Work task: Starting at the line holding "Comemoração do Brexit" and finishing at the line holding "Load image into", transcribe the material exactly, keeping both ends but no pictures.

Input for this task:
↓

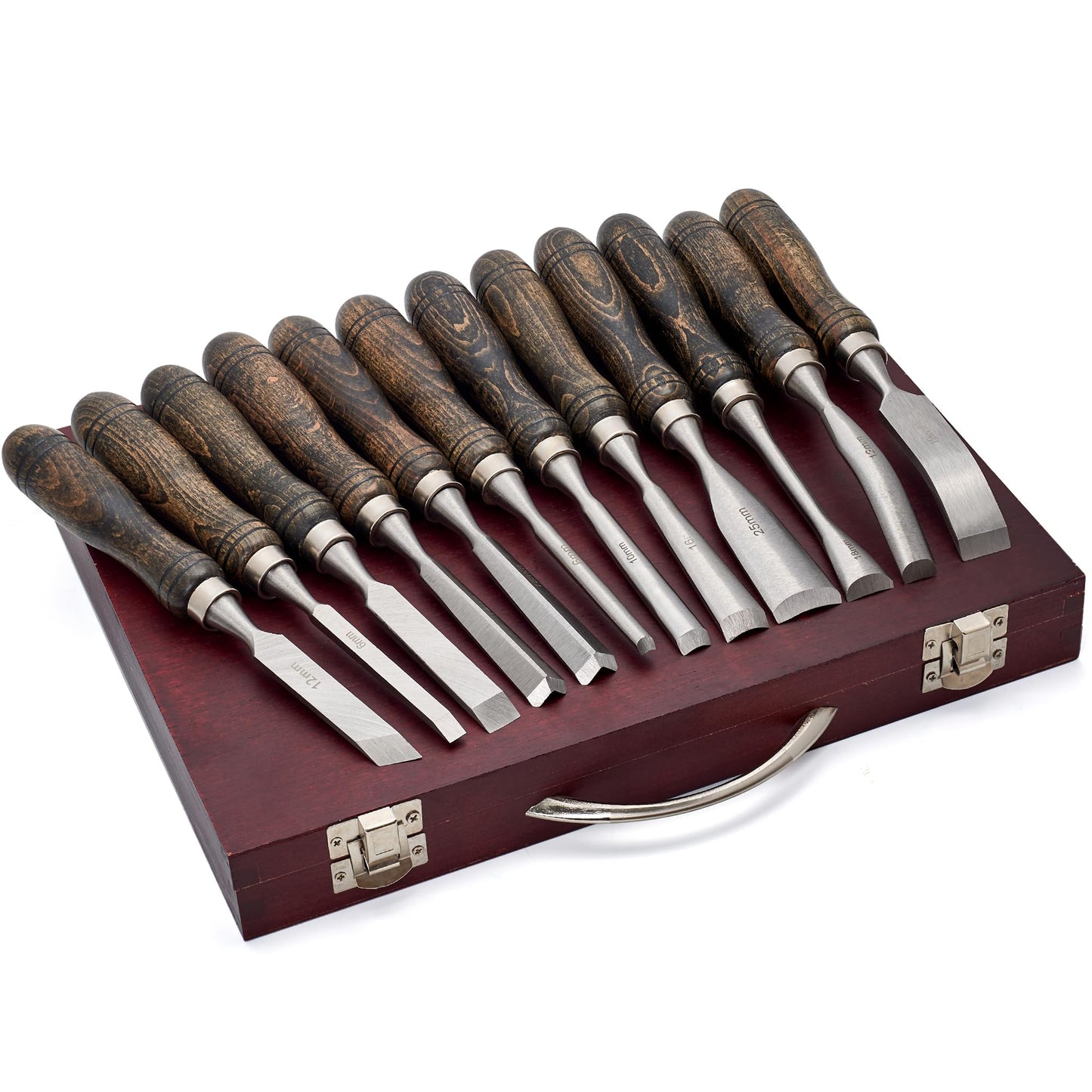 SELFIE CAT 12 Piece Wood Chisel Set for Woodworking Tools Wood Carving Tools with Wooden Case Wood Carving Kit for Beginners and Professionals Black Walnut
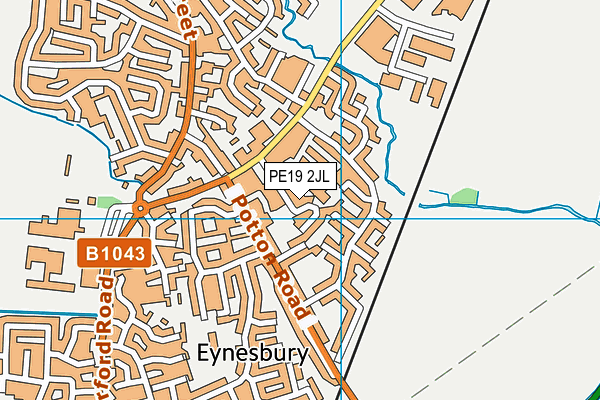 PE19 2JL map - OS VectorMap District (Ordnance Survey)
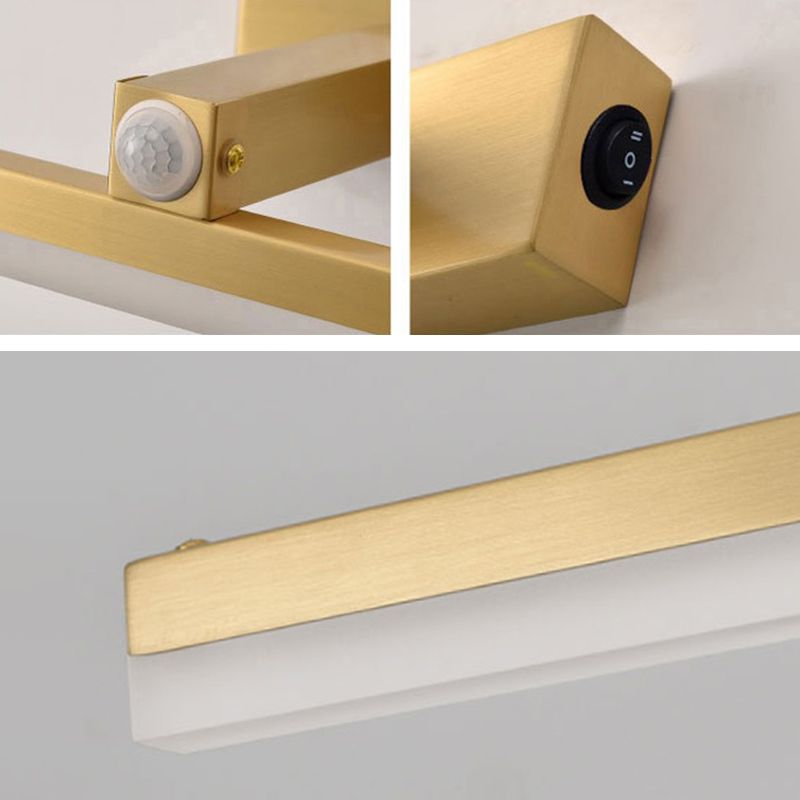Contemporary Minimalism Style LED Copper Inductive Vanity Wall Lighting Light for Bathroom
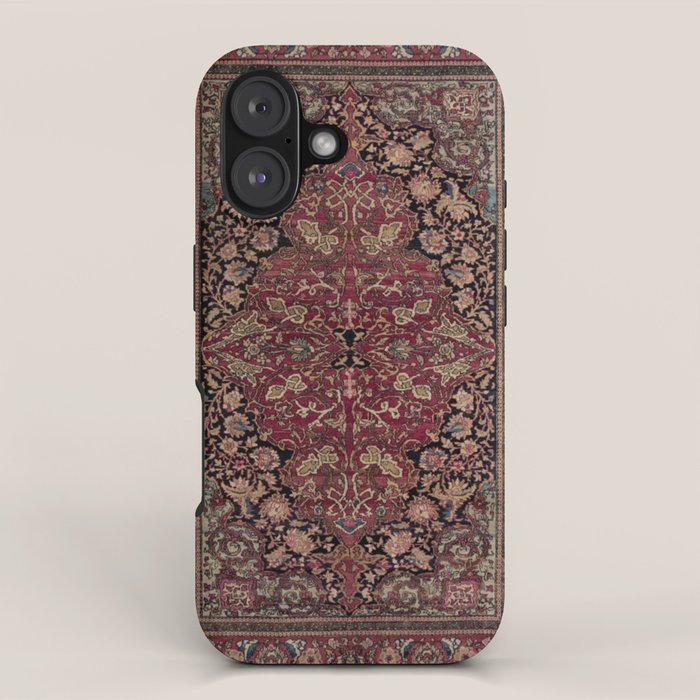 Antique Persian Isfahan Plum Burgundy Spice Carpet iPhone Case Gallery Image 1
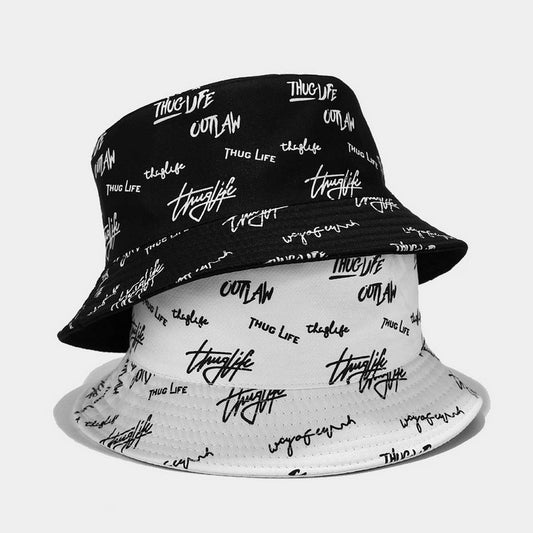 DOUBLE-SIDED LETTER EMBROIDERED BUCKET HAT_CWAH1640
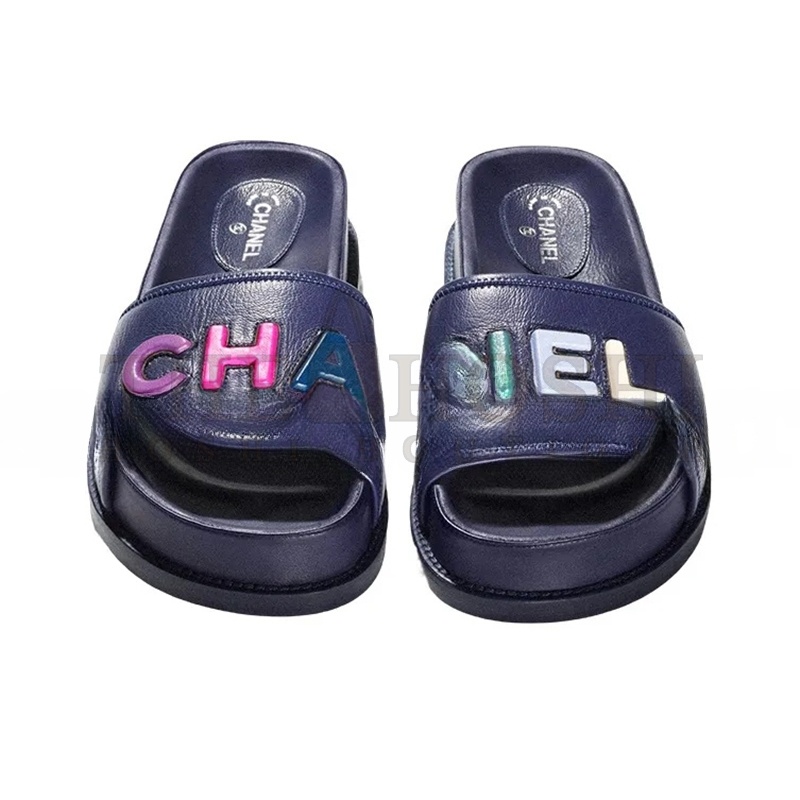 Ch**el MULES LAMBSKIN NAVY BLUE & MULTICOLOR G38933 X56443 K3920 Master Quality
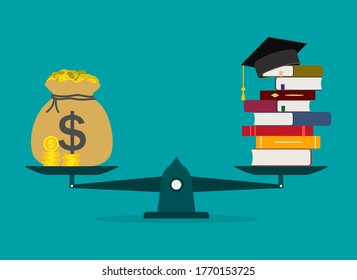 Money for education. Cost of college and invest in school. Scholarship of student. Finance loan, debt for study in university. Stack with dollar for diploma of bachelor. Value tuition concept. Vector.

↑
↓

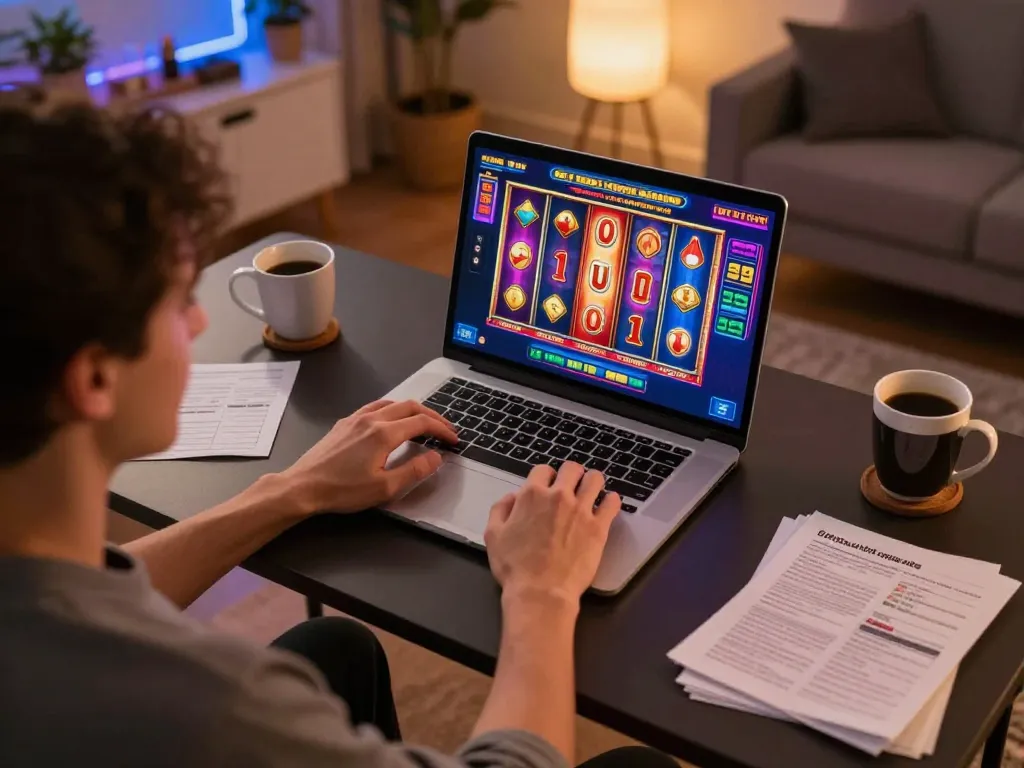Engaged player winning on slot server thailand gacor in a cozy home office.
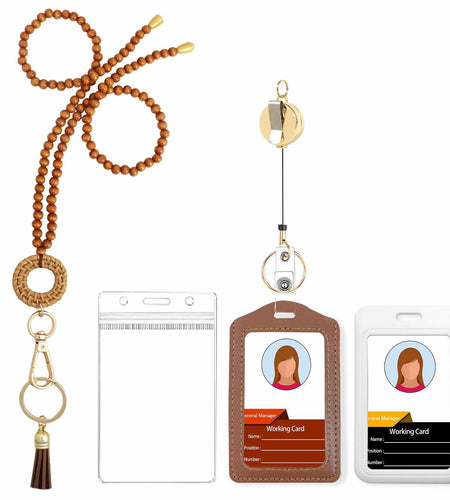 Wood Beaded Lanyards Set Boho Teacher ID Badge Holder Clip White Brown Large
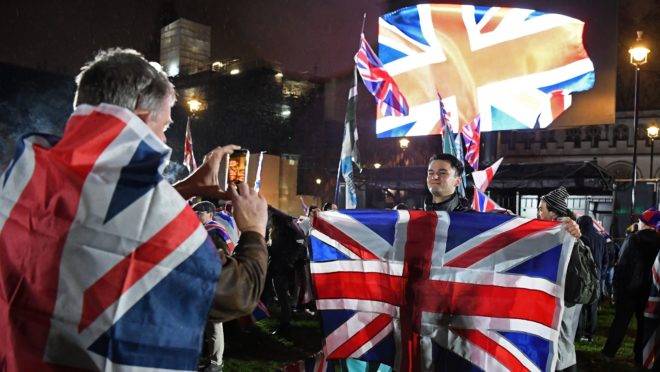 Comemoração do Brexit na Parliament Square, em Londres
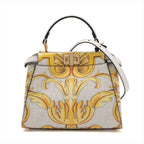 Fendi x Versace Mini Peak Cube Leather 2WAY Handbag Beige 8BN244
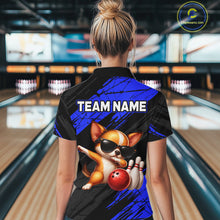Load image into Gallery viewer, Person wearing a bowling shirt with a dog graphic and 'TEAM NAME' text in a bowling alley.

↑

Answer section:
 Comemoração do Brexit na Parliament Square, em Londres
 Fendi x Versace Mini Peak Cube Leather 2WAY Handbag Beige 8BN244
Load image into Gallery viewer, Person wearing a bowling shirt with a dog graphic and 'TEAM NAME' text in a bowling alley.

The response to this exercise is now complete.